Et pourquoi l'Éternel nous conduit-il vers ce pays, pour y tomber par l'épée? Nos femmes et nos petits enfants y seront une proie. Ne vaudrait-il pas mieux pour nous, de retourner en Égypte?
4 En zij zeiden de een tot den ander: Laat ons een hoofd opwerpen, en wederkeren naar Egypte!
Et ils se dirent l'un à l'autre: Établissons un chef, et retournons en Égypte.
5 Toen vielen Mozes en Aaron op hun aangezichten, voor het aangezicht van de ganse gemeente der vergadering van de kinderen Israels.
Alors Moïse et Aaron tombèrent sur leurs visages, devant toute l'assemblée des enfants d'Israël.
6 En Jozua, de zoon van Nun, en Kaleb, de zoon van Jefunne, zijnde van degenen, die dat land verspied hadden, scheurden hun klederen.
Et Josué, fils de Nun, et Caleb, fils de Jephunné, d'entre ceux qui avaient exploré le pays, déchirèrent leurs vêtements.
7 En zij spraken tot de ganse vergadering der kinderen Israels, zeggende: Het land, door hetwelk wij getrokken zijn, om hetzelve te verspieden, is een uitermate goed land.
Et ils parlèrent à toute l'assemblée des enfants d'Israël, en disant: Le pays que nous avons parcouru pour l'explorer, est un fort bon pays.
8 Indien de HEERE een welgevallen aan ons heeft, zo zal Hij ons in dat land brengen, en zal ons dat geven; een land, hetwelk van melk en honig is vloeiende.
Si l'Éternel nous est favorable, il nous fera entrer dans ce pays, et nous le donnera; c'est un pays où coulent le lait et le miel.
9 Alleen zijt tegen den HEERE niet wederspannig! en vreest gij niet het volk dezes lands; want zij zijn ons brood! hun schaduw is van hen geweken, en de HEERE is met ons; vreest hen niet!
Seulement, ne vous révoltez point contre l'Éternel, et ne craignez point le peuple du pays; car ils seront notre pain; leur protection s'est retirée de dessus eux, et l'Éternel est avec nous; ne les craignez point.
10 Toen zeide de ganse vergadering, dat men hen met stenen stenigen zoude. Maar de heerlijkheid des HEEREN verscheen in de tent der samenkomst, voor al de kinderen Israels.
Alors toute l'assemblée parla de les lapider; mais la gloire de l'Éternel apparut à tous les enfants d'Israël, sur le tabernacle d'assignation.
11 En de HEERE zeide tot Mozes: Hoe lang zal mij dit volk tergen?

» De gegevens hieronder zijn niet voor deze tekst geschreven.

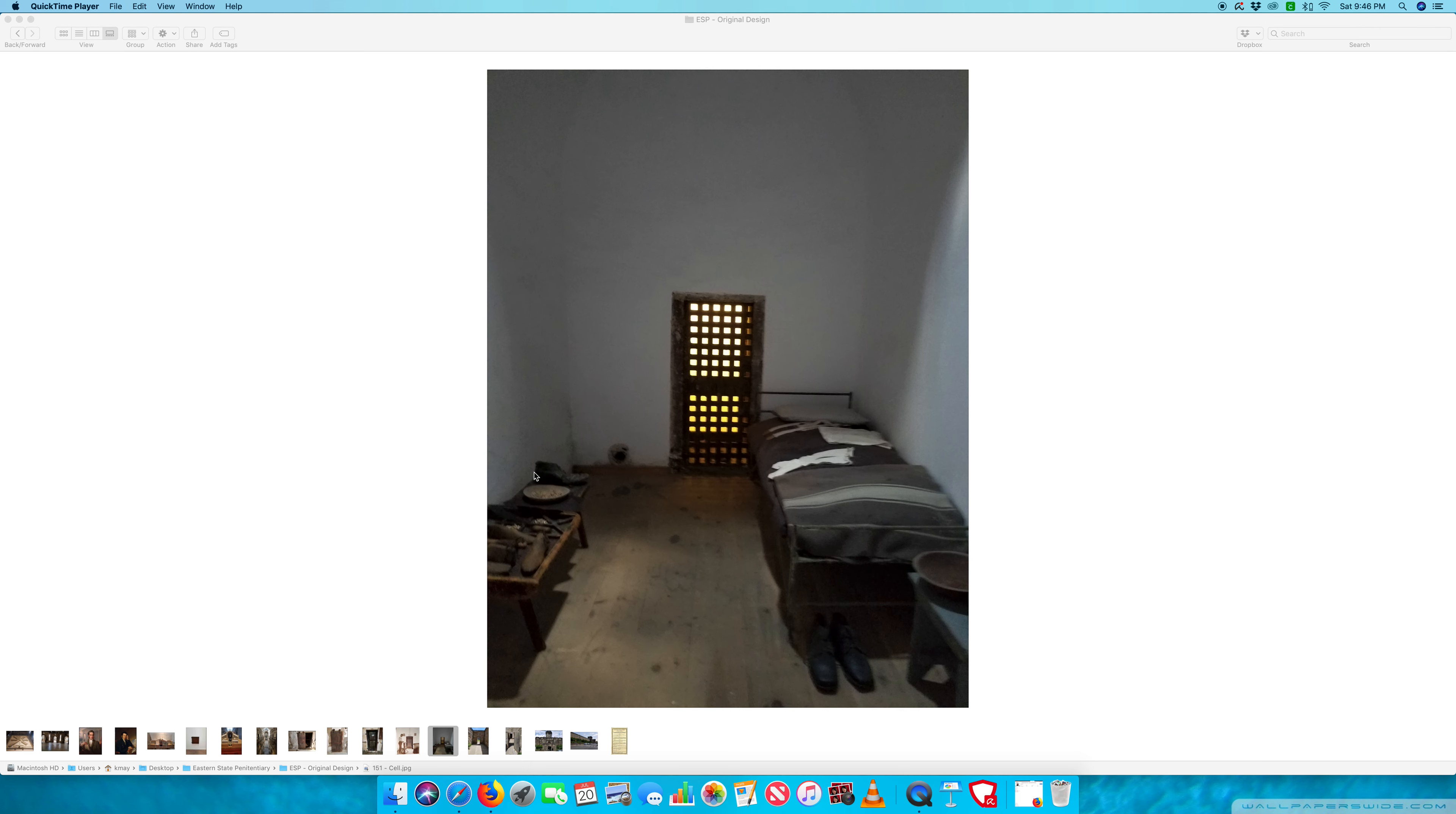Meals were served at 7 a.m., 12 p.m., and 6 p.m. Bedtime was between 9 and 10 p.m. You can guess one of the features of working alone that's going to come up again and again throughout the history of the Eastern State Penitentiary is the inefficiency.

En hoe lang zullen zij aan Mij niet geloven, door alle tekenen, die Ik in het midden van hen gedaan heb?
Et l'Éternel dit à Moïse: Jusqu'à quand ce peuple me méprisera-t-il, et jusqu'à quand ne croiront-ils point en moi, malgré tous les signes que j'ai faits au milieu d'eux?
12 Ik zal het met pestilentie slaan, en Ik zal het verstoten; en Ik zal u tot een groter en sterker volk maken, dan dit is.
Je le frapperai de mortalité, et je le détruirai; mais je te ferai devenir un peuple plus grand et plus fort qu'il n'est.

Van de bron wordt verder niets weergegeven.